Appium provides several core gesture actions that simulate real user touch interactions on mobile devices. Following are the basic gestures supported in Appium:
If you haven't set up Appium yet, follow this Appium tutorial for complete installation and configuration steps.
Note: Run Appium tests across 10,000 real Android & iPhone devices. Try TestMu AI Now!
Before automating gestures, you need a working Appium environment with Node.js, the Appium server, and platform drivers (UiAutomator2 for Android, XCUITest for iOS) installed.
If you need platform-specific setup instructions, refer to this detailed walkthrough on how to install Appium.
Appium Inspector lets you visually build, test, and debug gestures before writing automation code. Download the latest version from their GitHub release page.
Before opening Appium Inspector, start the Appium server by executing the following command on the terminal:
appium server --port 4723 --use-drivers uiautomator2Once the Appium server instance has started, open the Appium Inspector and create the capabilities using the following capabilities as an example:
{
"platformName": "Android",
"appium:deviceName": "Pixel 9 Pro",
"appium:automationName": "UiAutomator2",
"appium:avd": "Pixel_9_Pro",
"appium:app": "/path/to/apps/android/wdio-demo.apk",
"appium:appWaitActivity": "com.wdiodemoapp.MainActivity",
"platformVersion": "15"
}Following is the screenshot for the Appium Inspector capabilities builder page:

Click on the Start Session button to start the Appium Inspector session on the running Appium server. It will automatically open the Emulator if not already open.
To build custom gestures in Appium, open the Gestures tab in Appium Inspector after starting a session, then use the gesture builder to define tap, swipe, pinch, and drag actions visually.
You can create a new gesture just by clicking on the + button available towards the bottom of the screen.

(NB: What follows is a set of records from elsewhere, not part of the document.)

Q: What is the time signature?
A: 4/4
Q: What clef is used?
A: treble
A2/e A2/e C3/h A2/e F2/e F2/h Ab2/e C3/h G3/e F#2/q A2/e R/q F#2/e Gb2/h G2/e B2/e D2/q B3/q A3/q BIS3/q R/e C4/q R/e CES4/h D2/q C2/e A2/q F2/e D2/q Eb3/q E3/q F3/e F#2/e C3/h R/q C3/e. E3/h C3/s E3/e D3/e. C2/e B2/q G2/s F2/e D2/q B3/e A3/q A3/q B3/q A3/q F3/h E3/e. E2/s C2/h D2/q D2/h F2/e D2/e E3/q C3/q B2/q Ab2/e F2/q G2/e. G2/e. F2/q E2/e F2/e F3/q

Let's take an example on how to create a simple swipe up gesture. Take a look at the below screenshot where you can see the swipe up gesture:

Let's break down the swipe up gesture created in this screenshot.
You can test the gesture by clicking on the play button available right before the save button. Once you click on it, the created gesture will get executed on the attached device, whether the real device or the Emulator.
You can also save this gesture by first providing the gesture title and description and clicking on the Save As button. Once you save the gesture, you will see the saved item in a list as shown in the below screenshot:

Apart from gesture building, Appium Inspector also supports element hierarchy inspection, page source viewing, and action recording. All of these features are explored in depth under Appium Inspector for apps.
The swipe down gesture follows the same Pointer Move → Pointer Down → Pointer Move → Pointer Up pattern as swipe up. The only difference is the second Pointer Move direction, which moves the end coordinate towards the bottom of the screen.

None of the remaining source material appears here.